Doch Anerkennung ist nur ein erster Schritt. "Anerkennung ist kein Programm, es ist ein Anfang. Die wirkliche Arbeit beginnt am Tag danach", schrieb Anas Iqtait, Dozent für politische Ökonomie des Nahen Ostens an der Australian National University, im August in "Akfar", einer Veröffentlichung des Middle East Council on Global Affairs in Doha.
Symbolischer Schritt, aber wichtig
Die Anerkennung sei in der Tat symbolisch, sagt auch Hugh Lovatt, Nahostexperte beim European Council on Foreign Relations (ECFR), zur DW. "Doch Symbolpolitik ist nicht immer schlecht. In Anbetracht der Länder, die die Anerkennung aussprechen - insbesondere Frankreich und Großbritannien - handelt es sich um eine wichtige Bestätigung palästinensischer Rechte und der Selbstbestimmung der Palästinenser, ihres Rechts auf ein Leben ohne Besatzung, ihres Rechts auf einen eigenen Staat und so weiter." Symbolische Gesten müssten aber von praktischen Maßnahmen begleitet werden, insistiert Lovatt.

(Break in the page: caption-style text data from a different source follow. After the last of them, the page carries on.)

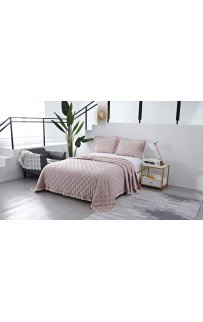 Элизабет №3 Покрывало 230х250 Sofi De MarkO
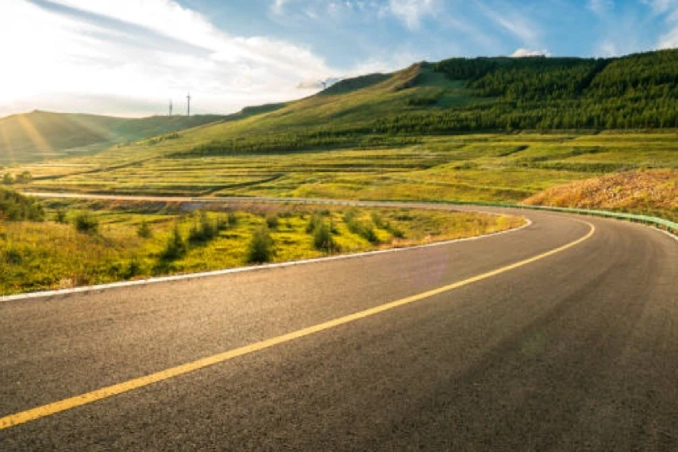 road2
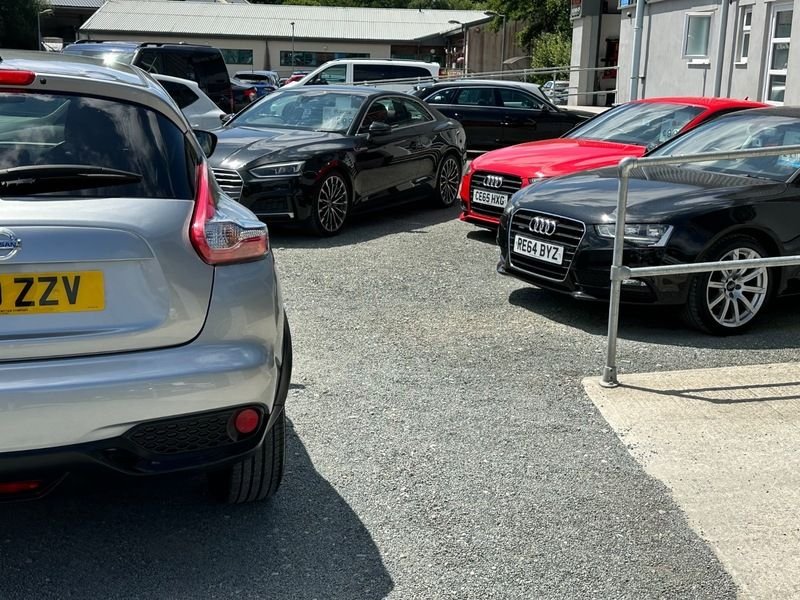 Used Nissan Juke 2019 for sale - 76034987: Photo 49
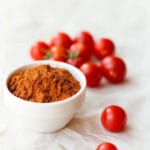 Tomato Powder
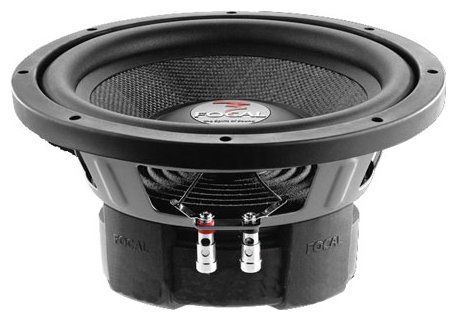 Отзывы Focal Access Subwoofer 25 A1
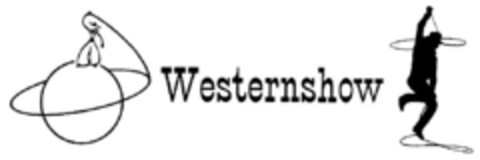 Westernshow Logo (DPMA, 28.03.2000)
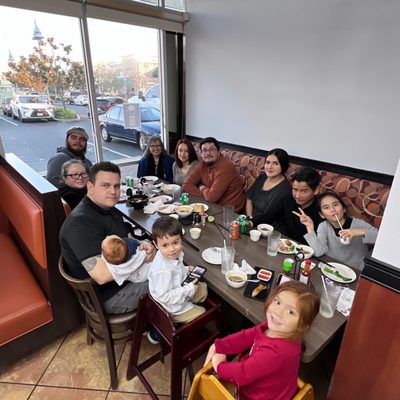 Get Sum Dim Sum by null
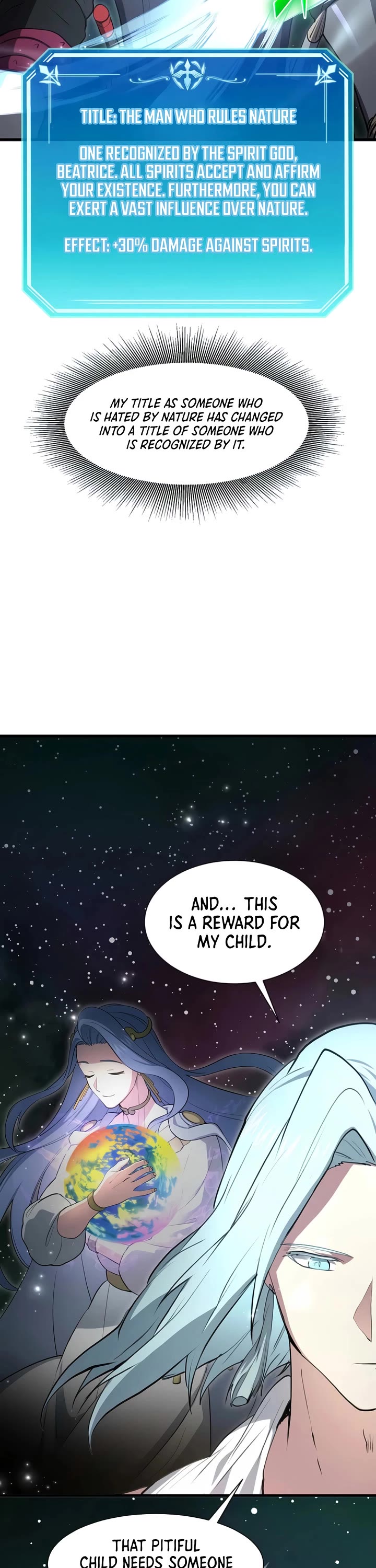 Level Up With Skills Chapter 150 page 34 - Chapter 150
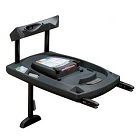 Base isofix IZiSleep par BeSafe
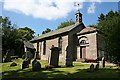 Lundie Parish Kirk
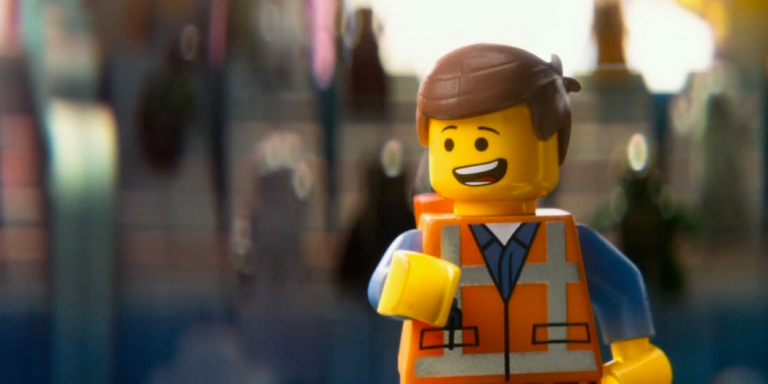 8 Reasons ‘The Lego Movie’ Was The Best Movie Of 2014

Auf einer Pressekonferenz in Brüssel ermutigte die EU-Außenbeauftragte Kaja Kallas am vergangenen Mittwoch die EU-Mitgliedsstaaten, Zölle auf bestimmte israelische Waren zu erhöhen und Sanktionen gegen Siedler und zwei führende israelische Politiker auszusprechen. Es handelt sich dabei um Maßnahmen, die der ECFR zuvor empfohlen hatte.
Zahlreiche Maßnahmen würden im Moment gleichzeitig vorangetrieben, stellt Nahost-Experte Lovatt fest. Das spiegle wider, wie sehr sich die öffentliche Meinung über das gesamte politische Spektrum hinweg seit 2023 verändert habe. "Anerkennung sollte als Reise gesehen werden", so Lovatt. "Wir kommen vielleicht nicht morgen ans Ziel, aber der Weg ist klar."
Adaptiert aus dem Englischen von Phoenix Hanzo.